Figure 1. En face swept-source optical coherence tomography (SS-OCT) and SS-OCT angiography (SS-OCTA) of type 1 RAHs in TSC patient 9. The patient had an ocular history of vitreous hemorrhage in this eye and received vitrectomy combined with anti-VEGF therapy 2 years before the examination. Focal retinal photocoagulation was performed during the surgery. (A) An ultra-wide-field scanning laser ophthalmoscope image (part) shows gray-white semitransparent type 1 RAH lesions and surrounding depigmented laser spots. (B–D) en face SS-OCT. The lesion appears normal at the vitreous slab (B), and isoreflective disorganized retinal nerve fibers are shown at the level of the retinal nerve fiber layer (RNFL) (C). Shadows of intratumoral vessels are observed in the choroid slab with local magnification (D). (E–J). SS-OCTA (9 × 9 mm scan). Angio B-scan with flow overlay and radial peripapillary capillary (RPC) segmentation lines maps the flow mainly to the thickening RNFL (E), and the heatmap of vascular density demonstrates the increased vascular density within the lesion (F). RPC slab of SS-OCTA clearly shows a dense vascular network with congestive intrinsic microvasculature, and the central feeder vessel is identified by arrows at the local magnification (G). The lesion appears mild hyporeflective at the segmentation of deep capillary plexus (H) and outer retina (I), while almost normal at the choriocapillaris segmentation (J).

Figure 2

Figure 2. En face swept-source optical coherence tomography (SS-OCT) and SS-OCT angiography (SS-OCTA) of type 2 RAHs in TSC patient 4. (A) An ultra-wide-field scanning laser ophthalmoscope image (part) with local magnification shows juxtapapillary type 2 RAHs with a mulberry-like appearance. (B–D) en face SS-OCT. At the level of vitreous, irregular hyperreflectivity indicating the abnormal interaction between the lesion and vitreous is shown, and vitreoretinal traction on the lesion leads to the formation of radiating folds of the posterior vitreous cortex around the optic disk (B). The lesion is poorly defined, and the multi-calcified nodules appear isoreflective or hyporeflective at the level of the retinal nerve fiber layer (RNFL) (C). The mulberry-like appearance of type 2 RAHs is well presented at the segmentation of the choroid (D), shown as closely arranged isoreflective vesicles demarcated by hyporeflective rings. (E–J) SS-OCTA (ONH scan).
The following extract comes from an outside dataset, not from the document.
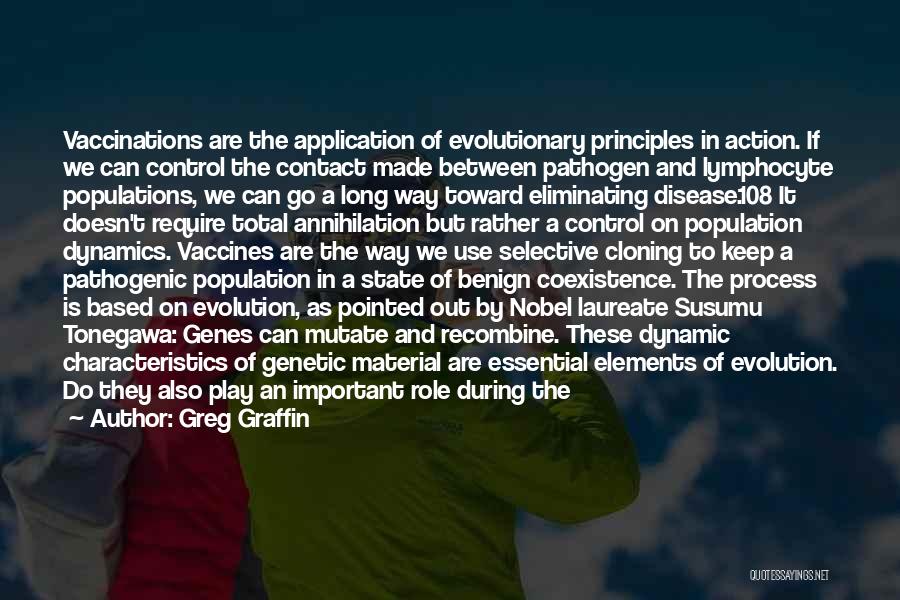 Greg Graffin Quotes: Vaccinations Are The Application Of Evolutionary Principles In Action. If We Can Control The Contact Made Between Pathogen And Lymphocyte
Angio B-scan with flow overlay and radial peripapillary capillary (RPC) segmentation lines maps the flow to the walls surrounding moth-eaten cavities (E). RPC slab of SS-OCTA shows that the lesion has a sparse vascular network (F), and the vascular density is significantly low compared to the surroundings in the heatmap for RPC vascular density (G). Hyporeflective changes are shown at the segmentation of the deep capillary plexus (H) and outer retina (I), while mixed reflectivity is detected at the choriocapillaris segmentation (J).

Figure 3

Figure 3. En face swept-source optical coherence tomography (SS-OCT) and SS-OCT angiography (SS-OCTA) of type 3 RAHs in TSC patient 2. (A) Color fundus photography with local magnification shows type 3 RAHs, an oval, gray-white semitransparent lesion with central calcifications, located at the inferotemporal arcade. (B–D) en face SS-OCT. At the level of vitreous, irregular hyperreflectivity representing vitreous thickening is shown, and radiating vitreoretinal traction on the lower part of the lesion is demonstrated (B). The lesion appears ill-defined with peripheral isoreflectivity, and central calcifications are unevenly hyporeflective at the level of the retinal nerve fiber layer (RNFL) (C). At the level of the choroid, central calcifications appear dark and well-delineated, while several isoreflective vesicles are detected within the dark area (D). (E–J) SS-OCTA (6 × 6 mm). Angio B-scan with flow overlay and radial peripapillary capillary (RPC) segmentation lines maps the flow mainly to the peripheral non-calcified component. No flow is detected within central empty optical spaces (E). The RPC slab of SS-OCTA shows the lesion that has an annular dense vascular network (F), and the vascular density is much lower in the central feeder as illustrated by the heatmap of vascular density at the RPC slab (G). The lesion appears dark at the segmentation of the deep capillary plexus (H), outer retina (I), and choriocapillaris (J), possibly due to the shadowing effect.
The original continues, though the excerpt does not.